Importing fresh products into the UK has become increasingly complicated over the past few years. New customs formalities, plant passports, and an expanding amount of paperwork have resulted in delays and additional costs. The Quality Control Bureau (KCB) and Naktuinbouw have been inspecting exports since January 31, while import inspections in the UK will start from April 30.

Challenges abound. Our colleagues of spoke with several Dutch exporters, all of whom have their reservations. "For instance, you might be stopped and asked if a grower has a certain certificate. You call them, and they say 'yes,' but it turns out the regulatory bodies haven't received it yet. Or consider plant passports: for a specific product from a certain region, it's necessary, but not for the same product from a nearby area. Yet, those shipments often go in the same truck, what's the point of that? Or this: I depend on what customers buy in my webshop. Some items are with us for a while but think about plants at trade nurseries. A phytosanitary certificate is only valid for two weeks. How do we solve this?"

Freshness at stake
Plants are more complicated than flowers, as Daan van der Knaap from Dutch Quality Flowers knows. Nonetheless, this flower line hauler also has to deal with a lot of extra paperwork and worries about physical inspections. "It's certain that this will take extra time, but we don't know exactly what to expect. Will they check a bunch or unload the truck, how long does an inspection take, how severe will the checks be? If the delays become significant, we might have to pre-purchase, which would affect freshness."
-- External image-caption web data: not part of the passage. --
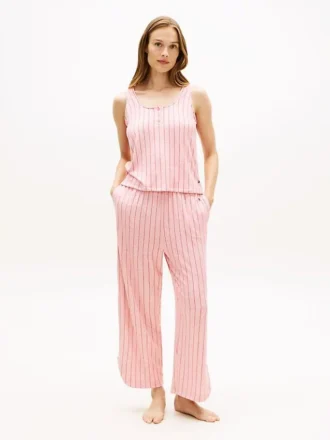 Conjunto de dormir com top curto e calças Conjunto de dormir com top curto e calças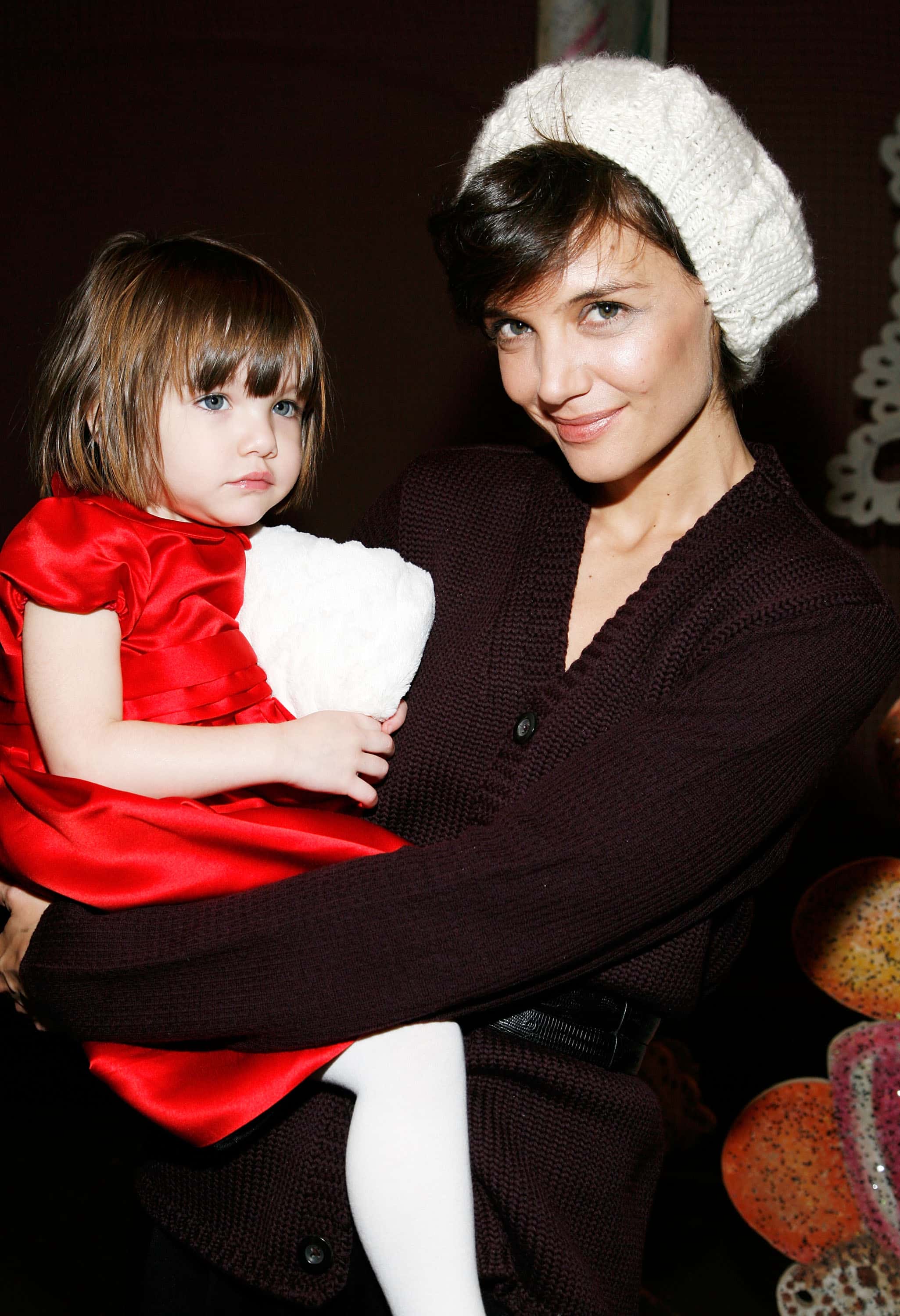 NEW YORK - DECEMBER 14: Actress Katie Holmes (R) and her daughter Suri (L) visit 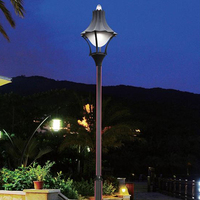Lampadaires LED en aluminium de style européen moderne, conception brevetée pour l'ambiance extérieure des cours, villas et jardins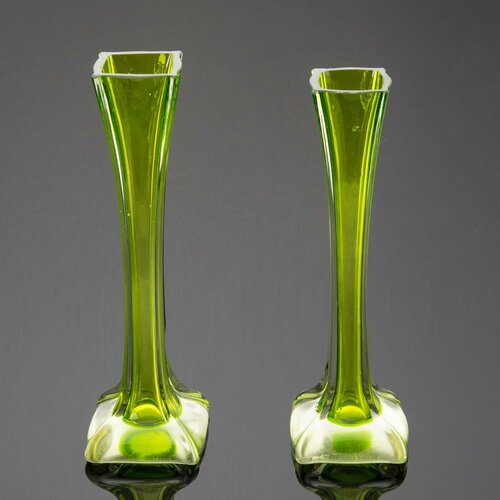 Пара ваз формы Берц салатово-зелёного цвета цветное стекло выдувание СССР 12487₽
The developments over the past few years have made transportation more expensive, but the flowers themselves have also become pricier. The question is always what can and cannot be passed on to customers. "One solution is to find more customers. We do this by driving up with our trucks. Florists often have a soft spot for this, seeing a full cart of beautiful goods in front of them does more than a sleek webshop."

Where to inspect?
Andre van Duijn from Flowerline recognizes these developments and has, therefore, completely stopped transporting plants across the Channel. He also says he's doing less with flowers, mainly because of all the uncertainties and the paperwork involved. "I don't know where the inspections will take place, although we do have to indicate where the flowers will enter," he says. This applies to both shipments by boat or truck, as well as the flowers he directly imports from Colombia to England. "The fact remains that inspections cost money and that trade doesn't get any cheaper."